The new tool, the Full Value of Mobile Calculator, aims to measure what various mobile ad campaigns mean to a marketer’s bottom line, taking into account whether the campaign initially intended to drive calls, app installs, in-store traffic, mobile site visits or attribute cross-device attention and plugging in those metrics by connecting with an advertiser’s AdWords account.

To oversimplify the calculator's formula, it basically multiplies the number of people who take the initial call to action, like clicking to call a store, by the percentage who complete the next actions down the conversion funnel (i.e., completing a call and/or buying something), then multiplied by the value of the actual conversion (i.e., how much money the person spent). The result is the estimated revenue an advertiser received from the campaign.

The calculator arose from a partnership between Google and Adidas to help the sportswear brand determine how its search ads were driving people into the company’s owned-and-operated stores and how that translated into revenue. First, Google populated stats from Adidas' AdWords account on how many people clicked its ads to get directions to a store. Then Adidas and its agency iProspect ran some A/B tests, comparing markets in which it ran ads with those in which it didn’t and correlating foot traffic, to estimate how percentage of people who clicked for directions ended up in an Adidas store. (Twenty percent, it turns out.) Next, the brand factored in the portion of people who walk into a store and make a purchase—about one in five—followed by the average transaction amount, which was $70 to $75. After crunching all those figures, the companies were able to compute that each click on the ad’s store locator button was worth $3.20.

Adidas could take that $3.20 stat and conclude that that’s how much it would be willing to bid for click-to-store campaigns (though not necessarily how much it would need to bid, since AdWords operates as a second-price auction). That type of understanding is particularly important as Google migrates AdWords advertisers to the new Enhanced Campaigns bidding process. Rather than setting independent bids for desktop and mobile campaigns, Enhanced Campaigns tie the two together with advertisers placing a desktop bid price and how much more or less they’d be willing to pay to reach a mobile user. The change has been seen as Google attempting to buoy mobile ad rates by tethering them to their higher desktop counterparts. Spero said the Full Value of Mobile Calculator is “directly connected” to Enhanced Campaigns by providing the attribution to help marketers understand whether they’re effectively toggling their mobile and desktop buys.

While the calculator can be crucial to maximizing AdWords campaigns, Spero stressed that it’s only an estimator. For example, the ability to measure cross-device performance isn’t available yet and would be limited to users who are logged on to the Chrome browser on their phone and desktop computer with one account. To that end, the calculator doesn’t cycle its computations back to AdWords so that an advertiser can compute a mobile campaign’s value and have that instantly adjust its bid prices in AdWords.

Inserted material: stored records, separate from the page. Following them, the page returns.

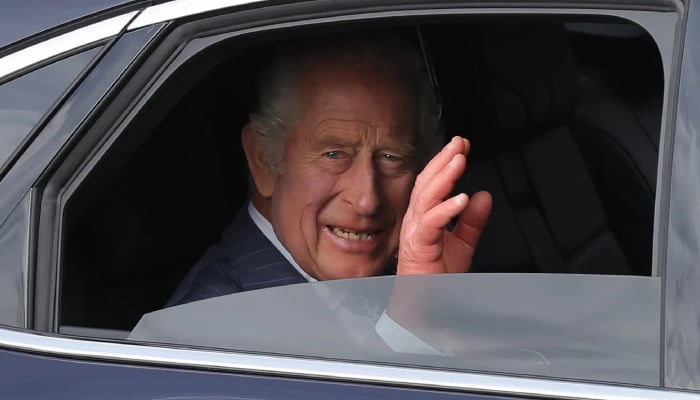 King Charles flies to Australia to begin his historic tour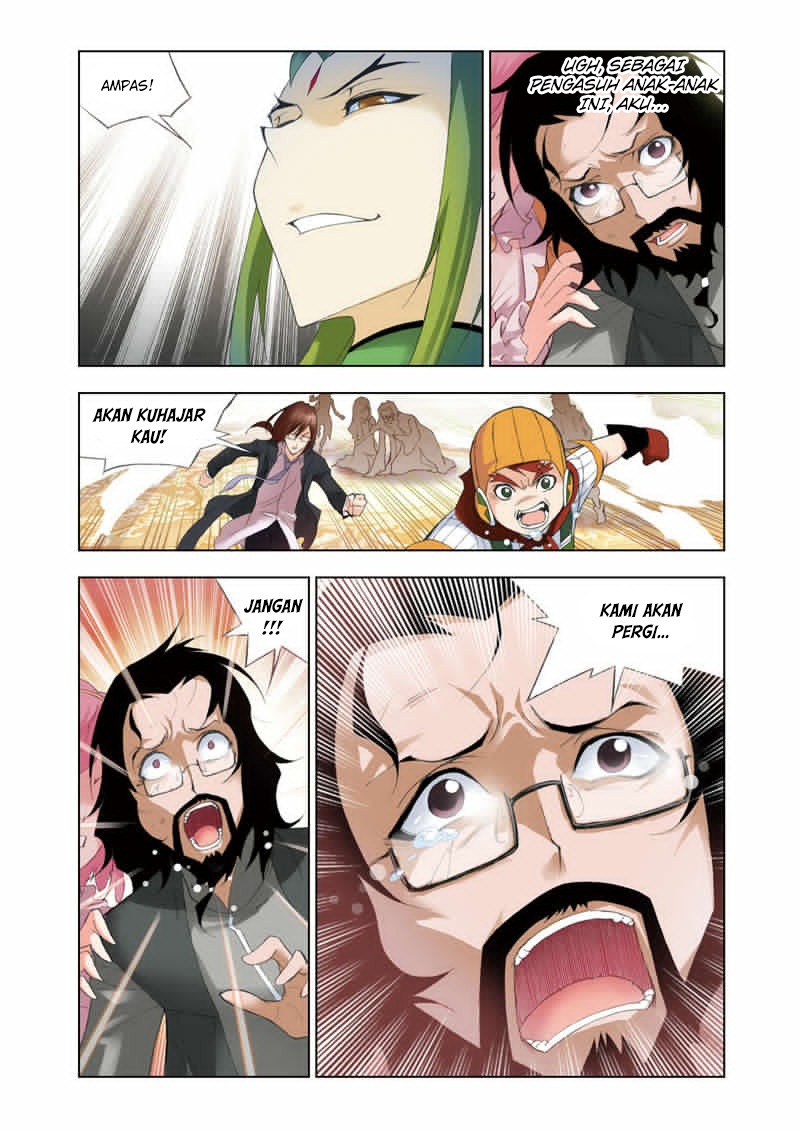 Soul Land Chapter 60 halaman 13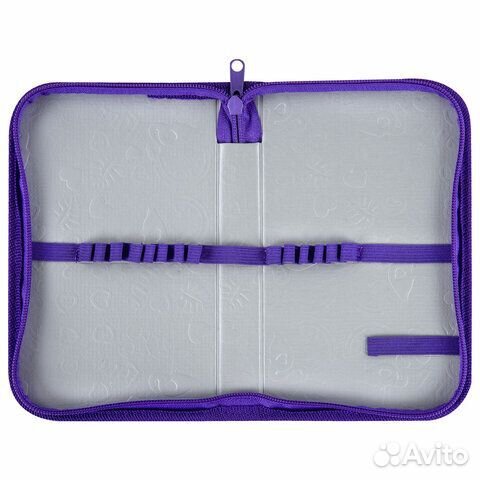 Пенал школьный для девочки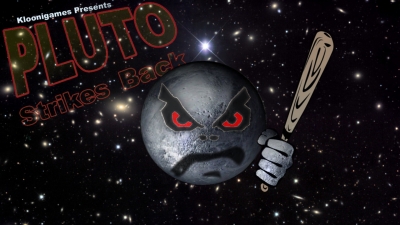 Artwork ke he Pluto Strikes Back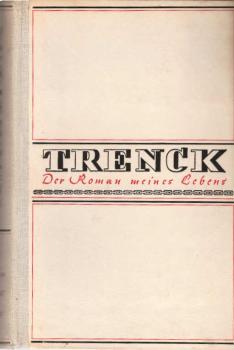 Trenck : Nach d. Memoiren d. Freiherrn Friedrich von der Trenck.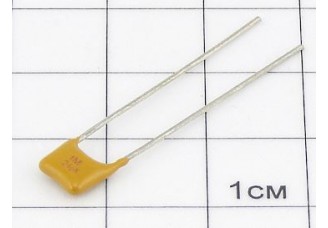 К10-17Б М47В 24пФ 10%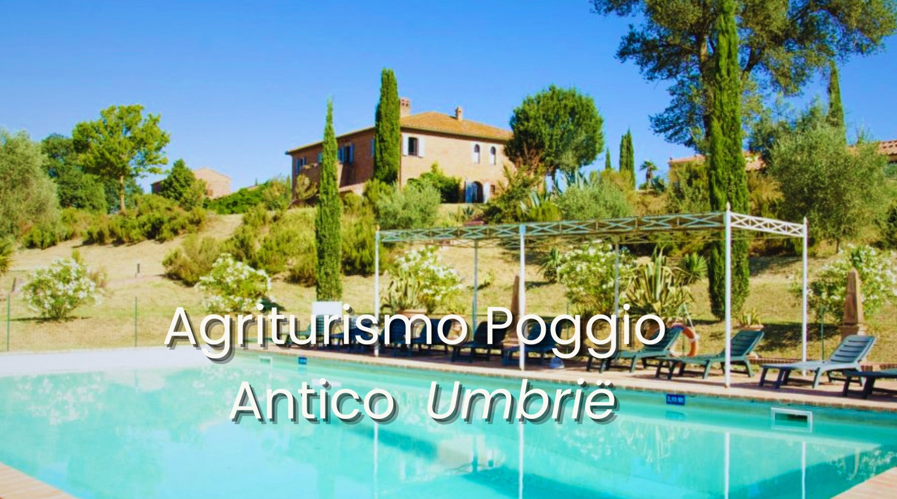 Agriturismo Poggio Antico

“It’s not meant to be a real-time updating tool,” said Spero, noting that advertisers have to upload their AdWords data each time they want to use the tool and that if Google were to build a similar product to be used for bidding, it would launch through AdWords, not on a stand-alone site. The calculator will be available on the Full Value of Mobile microsite along with educational videos, case studies and tips.